Mario partecipò alla Marcia su Roma. Cercò di aiutare suo fratello Antonio durante il regime, gli scrisse lettere premurose quando era in carcere. Partì volontario per la guerra d’Abissinia e combatté nel ’41 in Africa settentrionale. Rimase fascista durante il regime, aderì poi alla Repubblica sociale, fu fatto prigioniero, cercarono vanamente di fargli abiurare la sua fede fascista. Venne deportato in un campo di concentramento in Australia. Rientrò nel ’45 con la morte nel petto e morì poco dopo il rientro per le malattie contratte durante la prigionia. Morì in un ospedale di terz’ordine dimenticato da tutti, assistito dai suoi famigliari. Nella disgrazia andò meglio a suo fratello Nino, pur vittima di due dittature, quella fascista e quella sovietica che non volle trattare per liberarlo, complice Togliatti. Antonio finì i suoi giorni assistito e amnistiato, curato nella grande clinica romana Quisisana dai medici Frugoni e Pulcinella, per conto dello Stato italiano, per una malattia che si portava dentro dall’infanzia e che il carcere aveva probabilmente acuito.

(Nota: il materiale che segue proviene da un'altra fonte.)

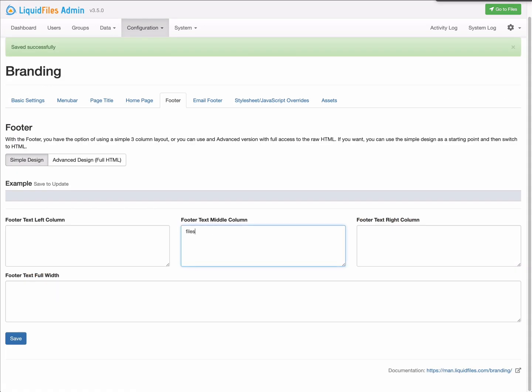In the footer, we're just going to add some basic information like the hostname and where people can go and contact for support. As you can see in this example, it's absolutely fine to add HTML to any of these fields and it will work just fine.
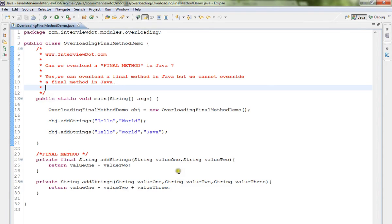Hi friends, in this video I'm going to talk about a very simple Java interview question: can we overload a final method in Java?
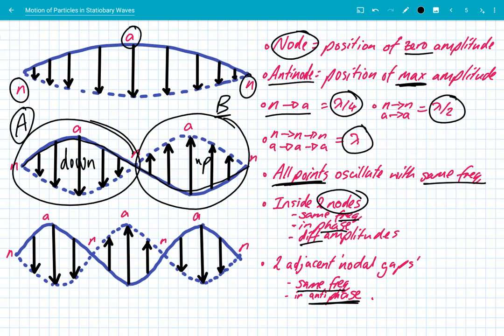That's all you need to remember about particle motion on stationary waves. Once you get your head around it and start drawing the arrows, you'll see which particles are in phase and which are in antiphase with other regions. Thanks for listening, see you all soon.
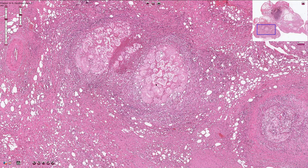Here we have some other foci of fat necrosis with prominent fibrotic reaction in the adjacent tissue.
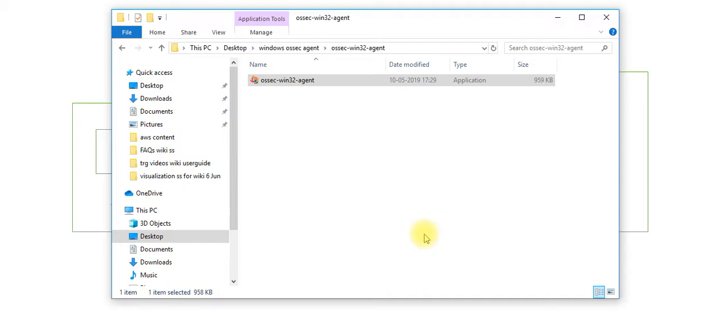We have now successfully installed the OSSEC agent for Windows. Thanks for watching.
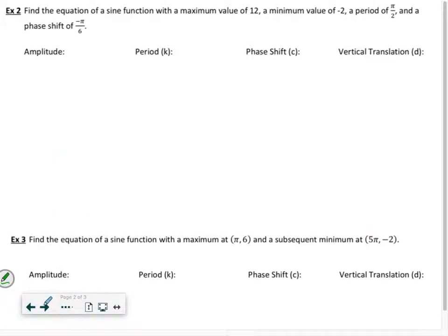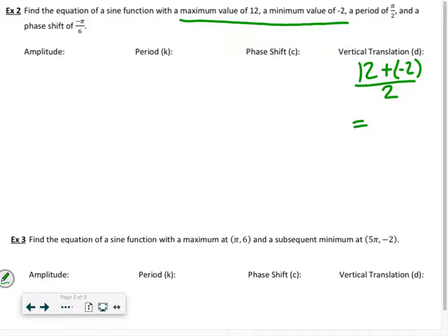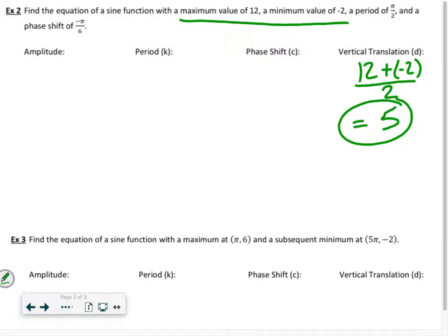Alright, so finding the equation. We need to work through it in a logical way. This one has a maximum value of 12 and a minimum value of negative 2. The amplitude is the top to the middle, so it's useful to find the vertical translation first. The vertical translation is the middle of the two values: add them together and divide by 2, which gives me 5. Then from the middle to the maximum gives my amplitude: 12 minus 5 equals 7.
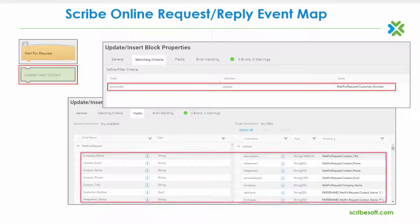As shown, the field mappings are constructed from the wait for request source data made available from the custom application to the appropriate fields within the target CRM system. Satisfying the block configuration requirements along with no errors or warnings shown, the next control block of our map design can be added.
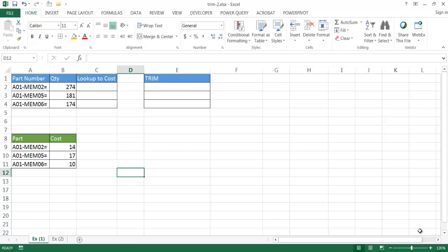Now, why would we want to remove spaces? Let's say, for example, that we want to do a lookup. Let's say I have a part number here, and I have another table that has a part number but has a cost, and I want to look up the cost in this table.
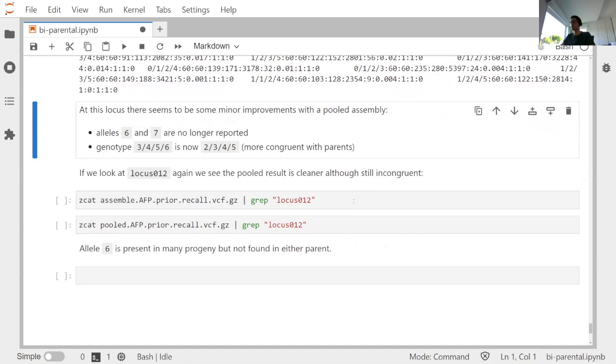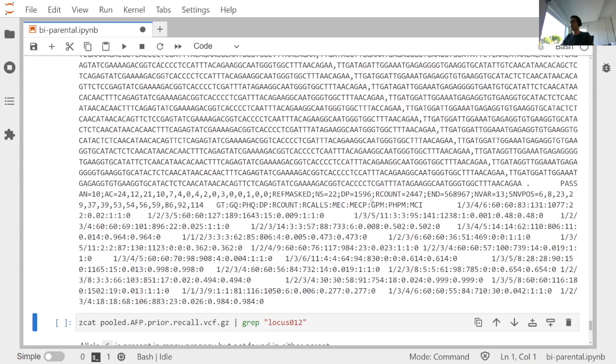Going back to the problematic locus: looking at the pooled assembly approach, the result is a little cleaner, but we still have allele calls in some progeny genotypes not present in the parents — still indicating something unusual is happening there. That's actually a good thing, because if there is genuinely some copy number variation at that locus, we don't want a prior so strong that we force all genotypes to make sense when they shouldn't. If there is real evidence of incongruence in the data, we want that reported in our output.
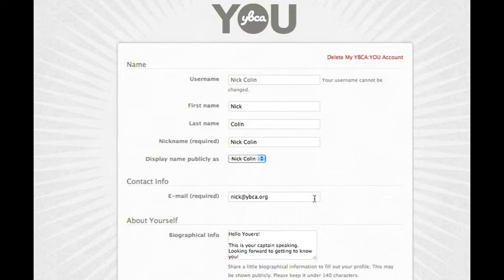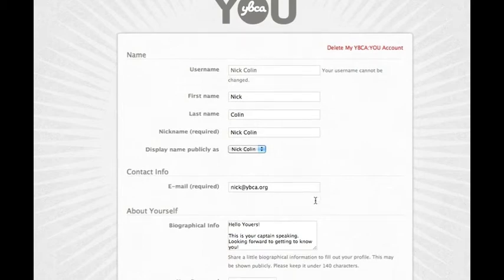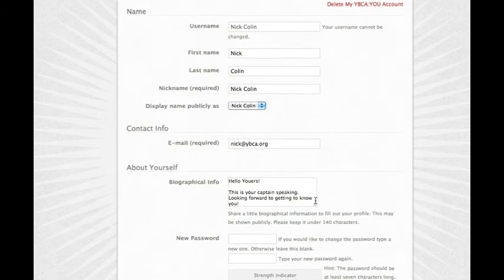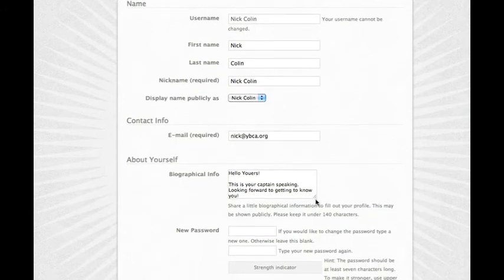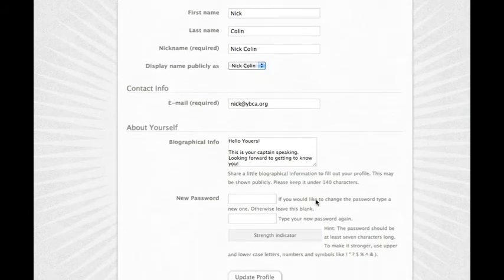Soon you'll be able to add and change your profile picture as well. If you sign in with Facebook, your profile picture will be added automatically.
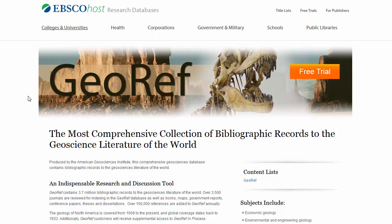This tutorial will briefly demonstrate how to find article citations using the database GeoRef. GeoRef is produced by the American Geological Institute and contains references to geoscience literature. The database indexes articles on North America from 1669 to the present, and world coverage dates back to 1933.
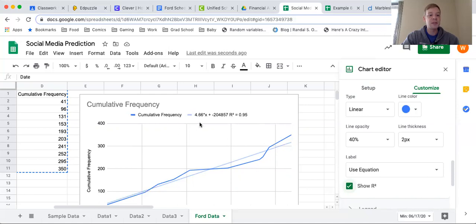So you're going to need to go in and do the same thing with your information, and then we can use this information here to make a few predictions.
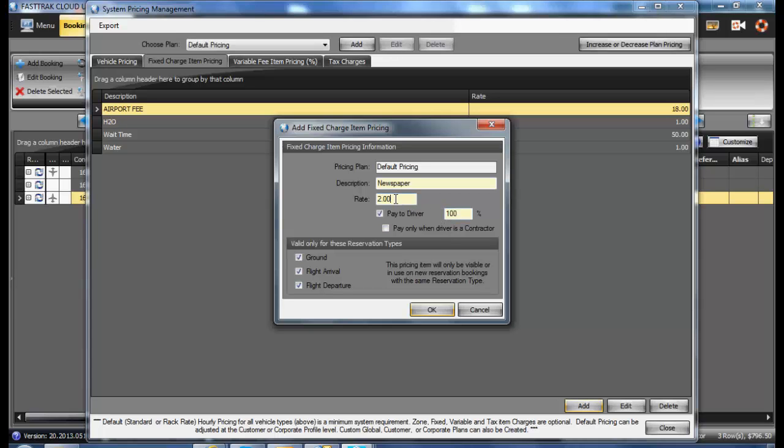You may also leave this as a zero if you do not know that it will be added to each reservation but you want the availability to add that item on the reservation. By leaving it as a zero, it will not print out on confirmations or invoices or trip sheets.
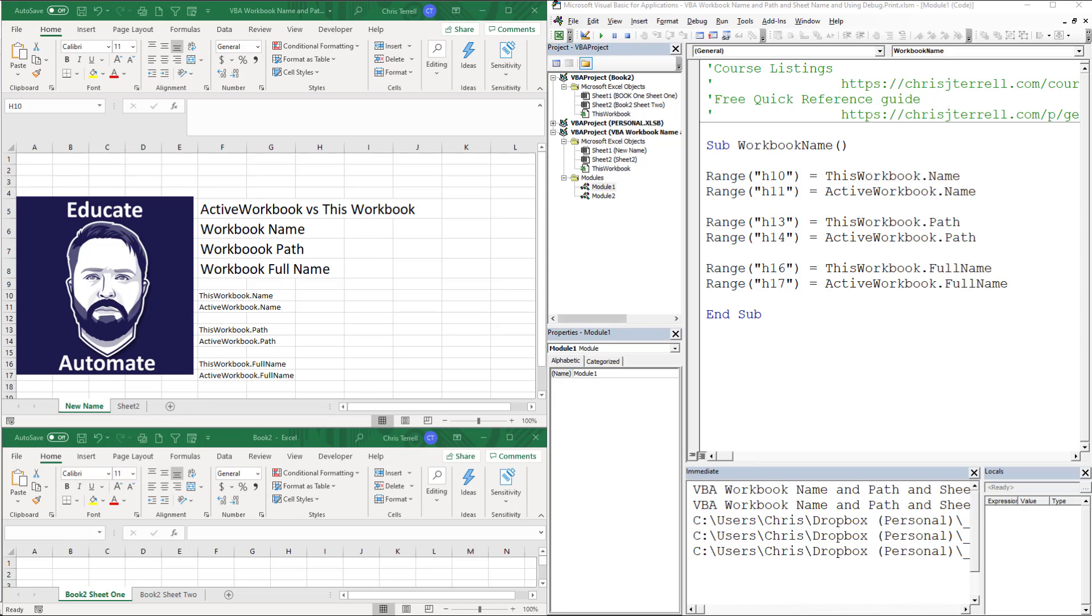Hi, in this video we're going to be looking at ActiveWorkbook and ThisWorkbook. We're going to look at the difference between them and examine the Name, the Path, and the FullName properties.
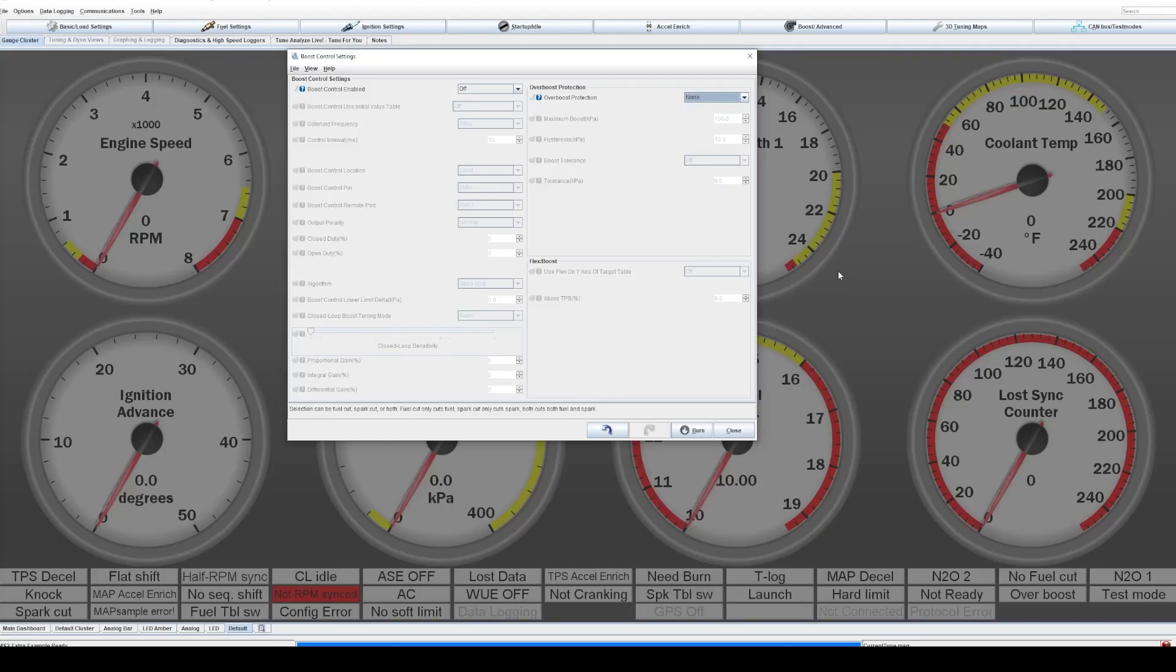Welcome to another Megascorp Basics. Today we're going to learn how to set up overboost protection to prevent you from damaging your engine when you're boosted.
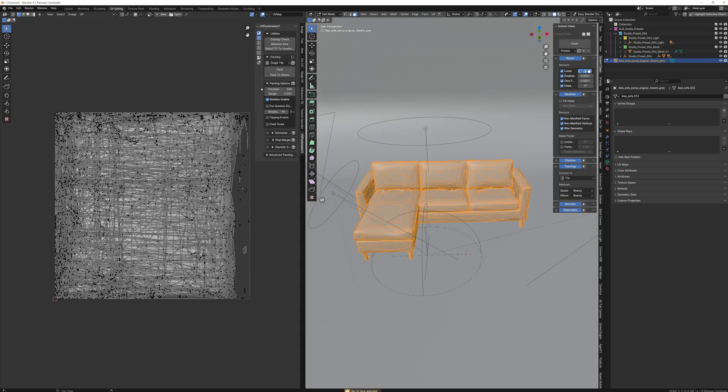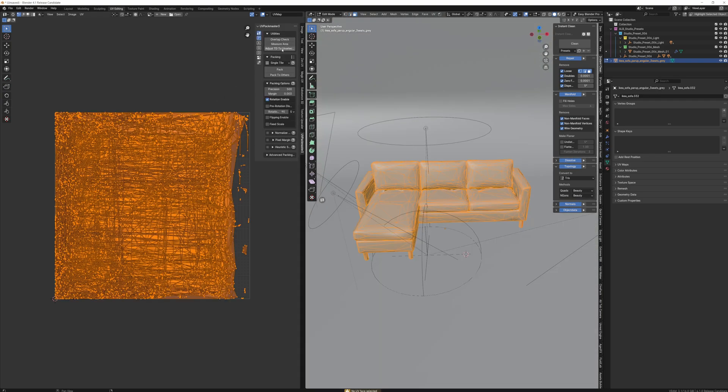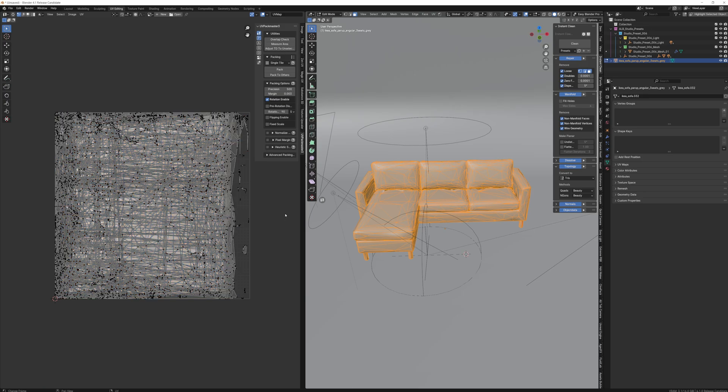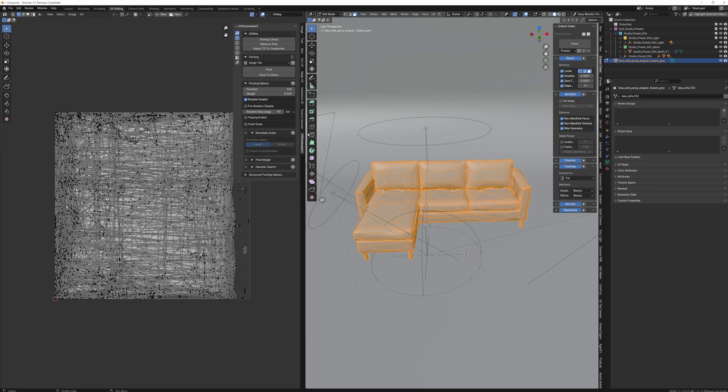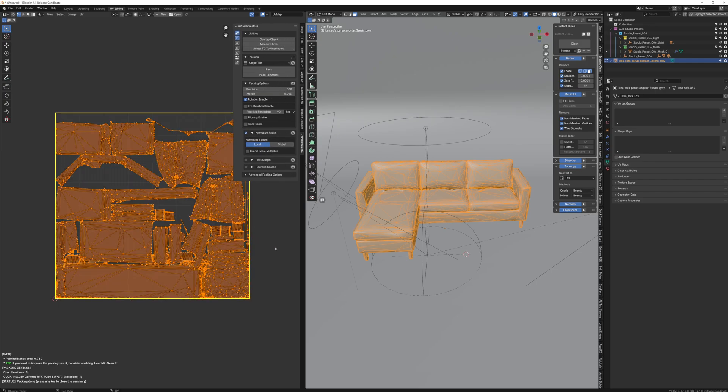Select all in the viewport, and then all in the UV window. Open up Packmaster, and the default settings here are mostly okay. One thing we're going to change here is just to select normalize scale. What this does is when you pack your islands, it'll automatically scale your UVs to the same texel density, meaning your material will be the same scale across your whole object.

Certo, Mario Gramsci non può essere ricordato alla stessa stregua del suo fratello maggiore, che fu un grande del Novecento italiano. Ma con Mario Gramsci meritano di essere ricordati i fratelli minori, tali non solo in senso anagrafico, di un’Italia che fu dal versante sbagliato e ne pagò intero lo scotto, in silenzio e coerenza, dalla parte dei vinti. Fratelli minori e figli di dio minore o di un’Italia ritenuta minore. Nel ’36 Togliatti aveva rivolto un appello “Ai fratelli in camicia nera”; ma per Gramsci non era solo un modo di dire. Antonio e Mario, fratelli d’Italia, quell’Italia in rosso e nero, fraterna e fratricida.